#### Available data
──────────────────────────────
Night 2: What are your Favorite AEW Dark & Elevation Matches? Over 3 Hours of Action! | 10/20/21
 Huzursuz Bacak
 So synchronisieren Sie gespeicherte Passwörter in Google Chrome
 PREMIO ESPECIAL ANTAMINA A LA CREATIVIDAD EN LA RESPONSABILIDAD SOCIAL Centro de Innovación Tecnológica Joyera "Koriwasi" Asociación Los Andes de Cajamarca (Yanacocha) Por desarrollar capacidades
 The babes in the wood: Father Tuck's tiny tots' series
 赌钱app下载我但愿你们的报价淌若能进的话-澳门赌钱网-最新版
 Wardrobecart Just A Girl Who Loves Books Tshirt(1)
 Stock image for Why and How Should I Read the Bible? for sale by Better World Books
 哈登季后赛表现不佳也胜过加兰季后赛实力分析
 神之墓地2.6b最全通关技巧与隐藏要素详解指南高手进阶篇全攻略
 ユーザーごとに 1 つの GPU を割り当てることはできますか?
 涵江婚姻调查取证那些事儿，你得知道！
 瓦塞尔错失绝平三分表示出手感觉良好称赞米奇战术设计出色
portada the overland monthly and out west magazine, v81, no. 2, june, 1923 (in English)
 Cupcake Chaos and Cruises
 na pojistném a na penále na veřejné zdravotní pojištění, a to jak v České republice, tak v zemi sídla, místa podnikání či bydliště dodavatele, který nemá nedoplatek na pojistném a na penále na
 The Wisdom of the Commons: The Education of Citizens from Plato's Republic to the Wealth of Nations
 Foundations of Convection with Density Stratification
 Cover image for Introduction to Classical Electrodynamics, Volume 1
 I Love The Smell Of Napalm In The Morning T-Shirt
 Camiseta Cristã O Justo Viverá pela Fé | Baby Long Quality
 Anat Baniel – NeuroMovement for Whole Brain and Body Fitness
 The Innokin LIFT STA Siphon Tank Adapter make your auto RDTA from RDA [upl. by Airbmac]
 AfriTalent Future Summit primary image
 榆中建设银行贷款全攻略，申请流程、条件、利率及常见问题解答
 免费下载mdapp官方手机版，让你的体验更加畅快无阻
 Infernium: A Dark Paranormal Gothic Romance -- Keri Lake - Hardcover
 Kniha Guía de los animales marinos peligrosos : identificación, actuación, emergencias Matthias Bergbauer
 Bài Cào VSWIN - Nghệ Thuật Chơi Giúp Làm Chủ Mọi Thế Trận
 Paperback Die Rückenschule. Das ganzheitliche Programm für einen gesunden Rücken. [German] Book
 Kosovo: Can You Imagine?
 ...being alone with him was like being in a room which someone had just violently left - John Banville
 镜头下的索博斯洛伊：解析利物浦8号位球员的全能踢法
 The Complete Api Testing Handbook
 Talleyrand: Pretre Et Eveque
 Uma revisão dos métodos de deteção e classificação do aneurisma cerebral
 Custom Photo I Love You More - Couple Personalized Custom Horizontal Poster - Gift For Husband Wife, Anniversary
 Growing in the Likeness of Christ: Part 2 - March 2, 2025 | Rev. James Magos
──────────────────────────────
#### What is needed
Wherever a line above contains the string "from", count it; then give the total alone.

#### Problem solution
2